There will be a large number of people from the Denver-area and, as with Bishop DiNardo's ceremony, there will be representation from every parish in the Diocese of Sioux City.

"Each pastor is being asked to invite two parishioners. We will be mailing tickets in care of the pastor for the people that he has selected to represent the parish," said Fuentes. "We also ask for the parishes that are not going to send anyone to let us know that and return the tickets to us so we know exactly what our count is. Given that it is wintertime and there is a possibility for bad weather, we understand that some parishes may not be able to send someone."

Reality: No invite? No ticket? Just slip a C-Note to an usher and you'll be fine. Just don't be too ostentatious about it.
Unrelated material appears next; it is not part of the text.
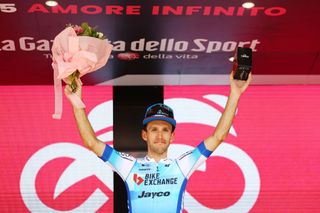 TURIN ITALY MAY 21 Simon Yates of United Kingdom and Team BikeExchange Jayco celebrates winning the stage on the podium ceremony after the 105th Giro dItalia 2022 Stage 14 a 147km stage from Santena to Torino Giro WorldTour on May 21 2022 in Turin Italy Photo by Michael SteeleGetty Images
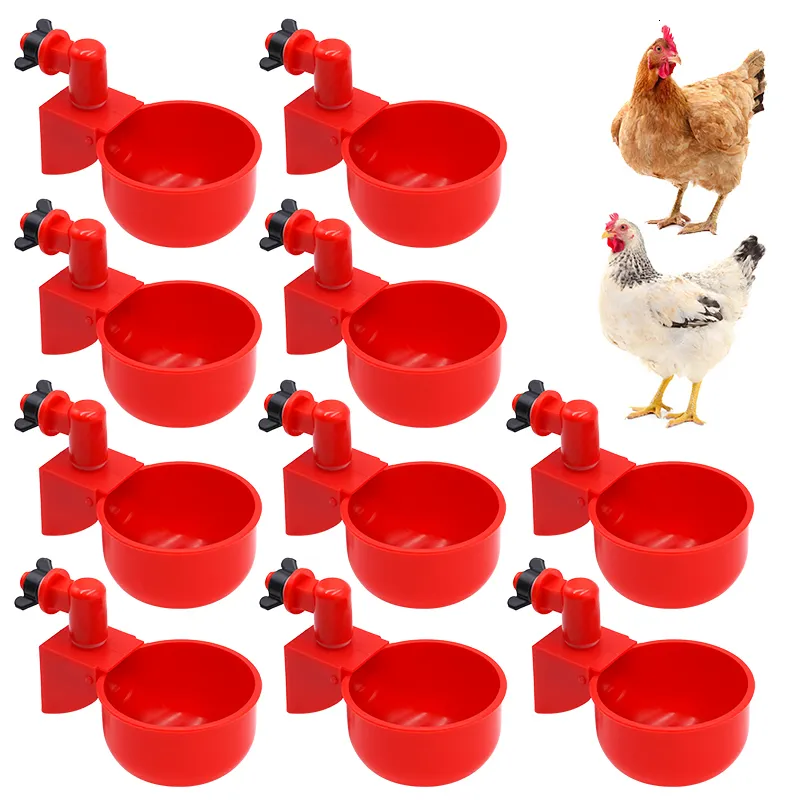 Kleintierbedarf, 10 Stück, automatische Geflügeltränkeschale, Hühnervogel-Wasserbecher, Ententränkemaschine, hängende Schüsseln, Spender 230130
No matter who it is, though, there's always something to seeing a new bishop's official portrait for the first time.

If you're me, you just gasp a bit. It's a part joy, part sobriety thing -- joy that, no matter how hard the church has tried to destroy itself (especially in this cannibalistic age of St. Blog's and its self-righteous crusades), it still keeps moving; sobriety which comes from the understanding that nothing will ever be the same again for the man in purple.

All your relationships change when that chrism gets poured over your head, and anyone who says otherwise doesn't know what they're talking about. For the rest of your life (or until your 75th birthday, if you make it that long), you won't be able to go anywhere without being the center of attention (except Rome, where there are more prelates than pigeons), you'll always know what you're doing wrong and rarely hear what you're doing right, and everyone has an idea, a recommendation, a gripe, a... something. And you're the one who's got to remember, act on and bear it all.

Don't believe the hype, guys (and gals): It's not as easy as the clothes are nice. Well, that's the case if you're doing the job right.

On more than one occasion, on seeing friends in the garb for the first time, I've been known to just start sobbing. Again, because nothing will ever be the same. And, for a good, honest guy, it is such a weight, one which, for the most part, has to be carried alone.

The ordinations continue with Bishop-elect Alex Sample's big day on 25 January in Marquette, his home diocese, and Bishop-elect David Choby's ordination and installation in Nashville on 27 February, getting in under the line right before Lent.

Both Choby and Sample are being ordained in their respective cathedral churches. The latest update from Marquette says that the 45 year-old Sample "has requested that the formal invitation list for his ordination be kept to a minimum to make room for as many representatives from the parishes as possible in the Cathedral itself."

Atta boy. No 300 seats getting sucked up by fiat there.... Suffice it to say, they know their propriety in the UP.

February also brings us the ordination of Fr Randy Calvo as bishop of Reno on the 17th, two days after Archbishop George Niederauer is crowned (with many crowns) and seated on the throne of Mary Maytag in San Francisco.

As Archbishop Pietro Sambi is yet to arrive and assume his duties as apostolic nuncio in the United States, the Holy See will be represented at the January functions by the Consigliere and interim charge d'affaires of the Washington Nunciature, Msgr. Leopoldo Girelli -- who is also making whatever appointment phone calls have to be placed in the nuncio's absence.

It must be noted that Girelli, who'll probably be off to a new assignment later this year after the new nuncio has situated himself, is a key figure in Justin Rigali History (of which your humble narrator is the ranking peritus, of course).

It was the Consigliere (no mob jokes, please -- that's the actual title of the #2 man in every nunciature) who rang Rigali up with the call of his lifetime, sending definitive word that the Junior Widow would complete the family's dynastic cycle....

The Arciprete has never been the same since.